The simulated energy fluxes are compared with FLUXCOM datasets to evaluate the surface fluxes partitioning between latent heat (LH) and sensible heat (SH). The spatial distribution of LH shows a predominant latitudinal distribution with a strong N–S gradient in both FLUXCOM-METEO and model, decreasing from 100 W m−2 in tropical Congolese forest to less than 30 W m−2 in the Kalahari Desert (Fig. 6a, b). Regions east of Lake Tanganyika have a much smaller annual precipitation (600 mm yr−1 in Fig. 1b) and therefore have a smaller LH than the west part of SAF. In contrast, SH in SAF peaks in the Kalahari Desert and gradually decreases towards the tropical forest (Fig. 6c). SSiB4/TRIFFID-Fire captures the latitudinal distribution of SH yet underestimates its magnitude in the desert (Fig. 6d).
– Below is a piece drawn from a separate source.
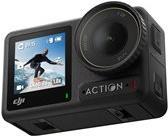 DJI Osmo Action 4 - Standard Combo - Action-Kamera - 4K / 120 BpS - Wi-Fi, Bluetooth - Unterwasser bis zu 18 m (965073)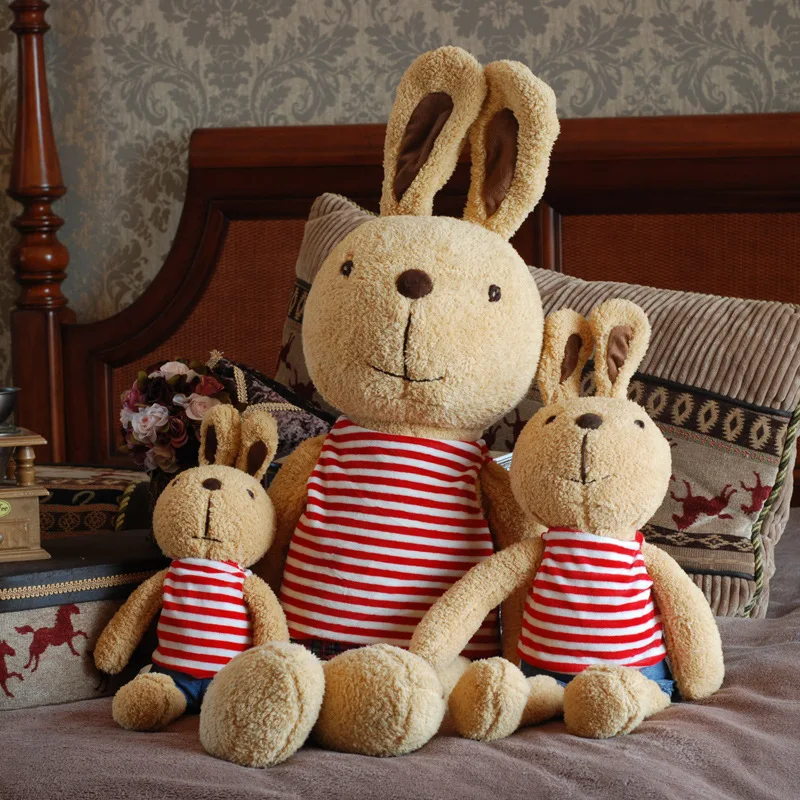

Changyi Sugar Rabbit Doll Big Ears Rabbit Plush Toys Manufacturers Direct Selling a Generation of Fat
We further compare the monthly variations of LH and SH in SSiB4/TRIFFID-Fire against the observation-derived datasets, FLUXCOM-METEO and FLUXCOM-RS. There is a high agreement in the regional average and range of LH/SH between the model and observations (Fig. 6e–f). The LH peaks in the rainy season (December–January–February; DJF) and gradually declines and reaches the minimum in June–July–August (JJA). SSiB4/TRIFFID-Fire tends to underestimate LH in the wet season but accurately simulates its magnitude in the dry season. It captures the peak of SH in September–October while slightly overestimating it in January–February–March. Jung et al. (2019) pointed out that FLUXCOM LH estimates in Africa are larger than other observation-based datasets. As such, the simulated LH may compensate for the wet bias in FLUXCOM datasets. Overall, the model is shown to reproduce the annual surface fluxes distribution and their seasonality in SAF.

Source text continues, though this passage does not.